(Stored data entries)

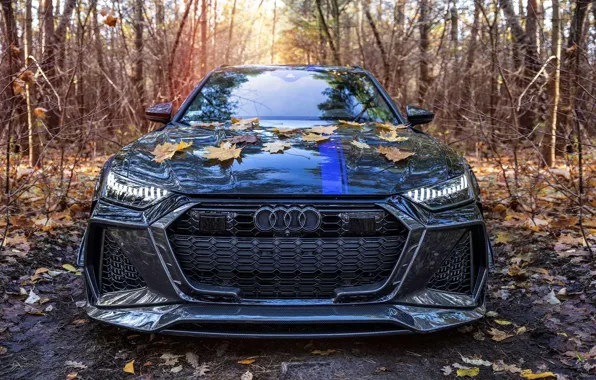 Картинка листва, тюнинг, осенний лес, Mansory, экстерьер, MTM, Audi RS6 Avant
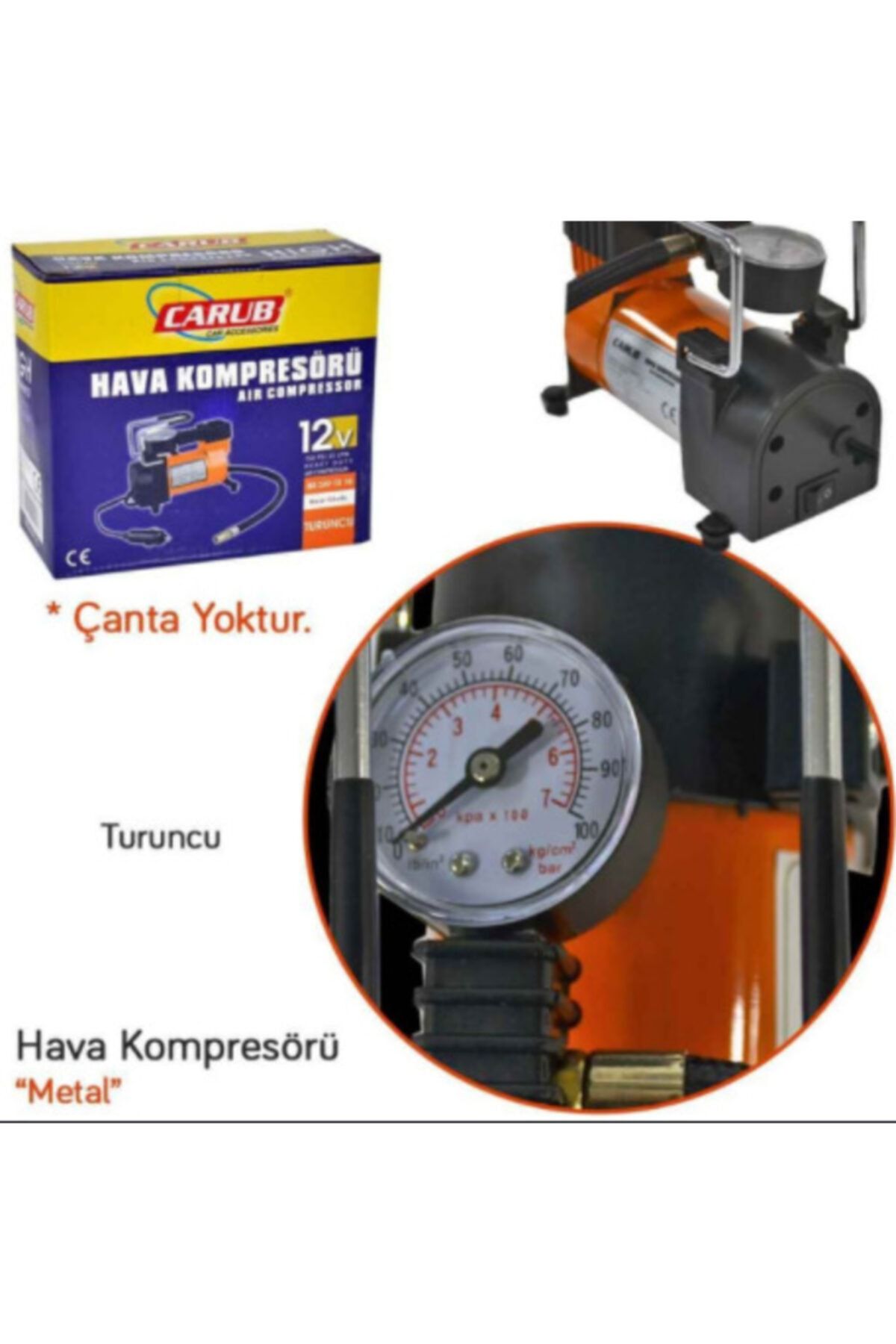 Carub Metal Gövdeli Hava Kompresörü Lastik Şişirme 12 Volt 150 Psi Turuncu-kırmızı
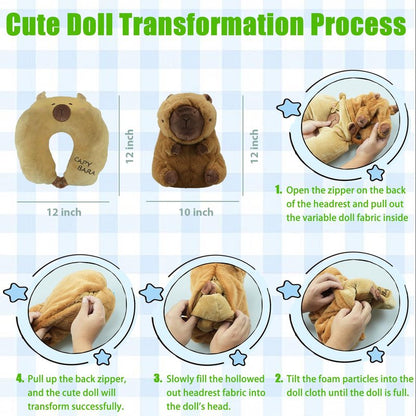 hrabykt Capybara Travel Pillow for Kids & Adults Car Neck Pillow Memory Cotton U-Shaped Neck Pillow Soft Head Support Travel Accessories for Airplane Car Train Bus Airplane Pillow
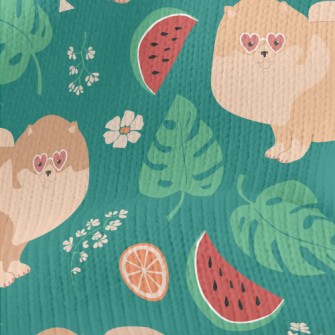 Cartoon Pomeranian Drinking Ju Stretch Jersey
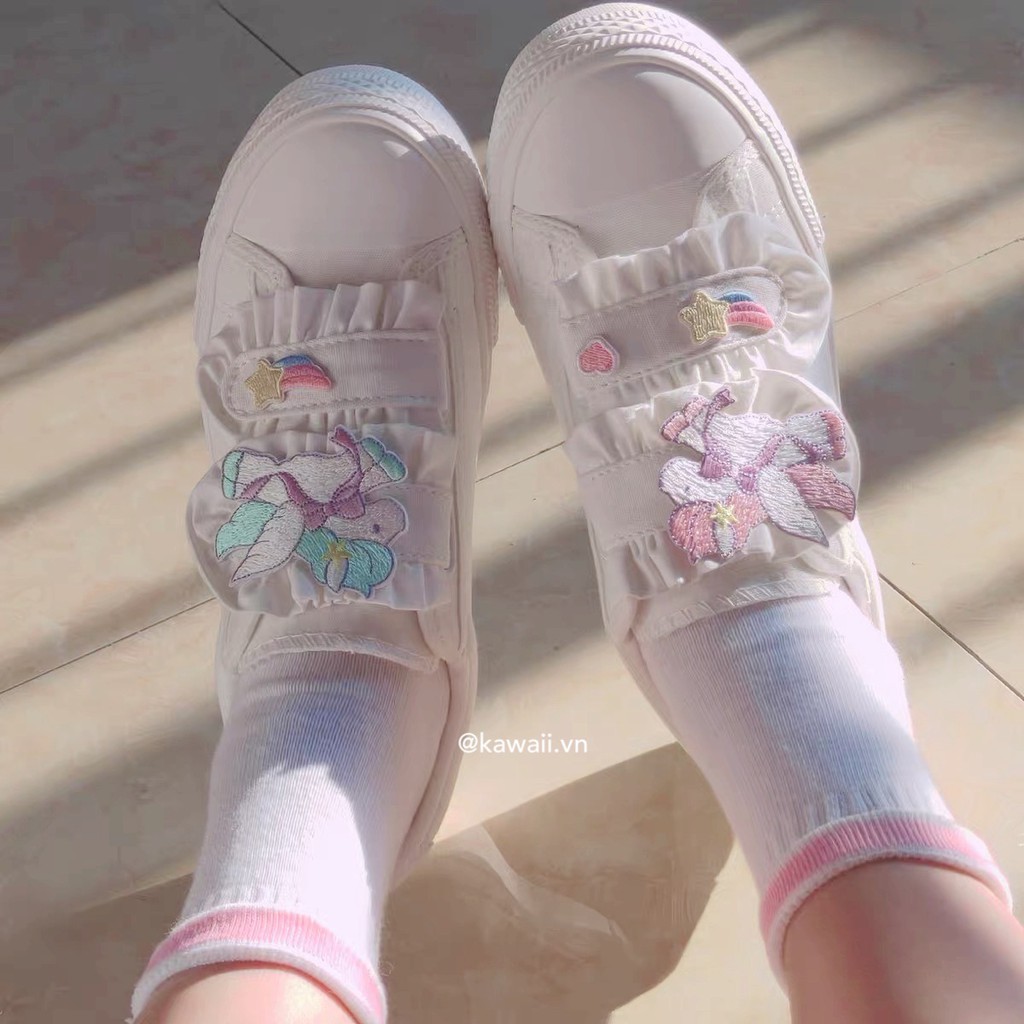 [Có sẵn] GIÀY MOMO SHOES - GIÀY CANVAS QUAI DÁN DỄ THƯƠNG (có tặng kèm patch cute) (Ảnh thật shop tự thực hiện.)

*Assignment*
Restate each entry word for word; pictures stay out of the copy.

*Reply to the task*
 Картинка листва, тюнинг, осенний лес, Mansory, экстерьер, MTM, Audi RS6 Avant
 Carub Metal Gövdeli Hava Kompresörü Lastik Şişirme 12 Volt 150 Psi Turuncu-kırmızı
 hrabykt Capybara Travel Pillow for Kids & Adults Car Neck Pillow Memory Cotton U-Shaped Neck Pillow Soft Head Support Travel Accessories for Airplane Car Train Bus Airplane Pillow
 Cartoon Pomeranian Drinking Ju Stretch Jersey
 [Có sẵn] GIÀY MOMO SHOES - GIÀY CANVAS QUAI DÁN DỄ THƯƠNG (có tặng kèm patch cute) (Ảnh thật shop tự thực hiện.)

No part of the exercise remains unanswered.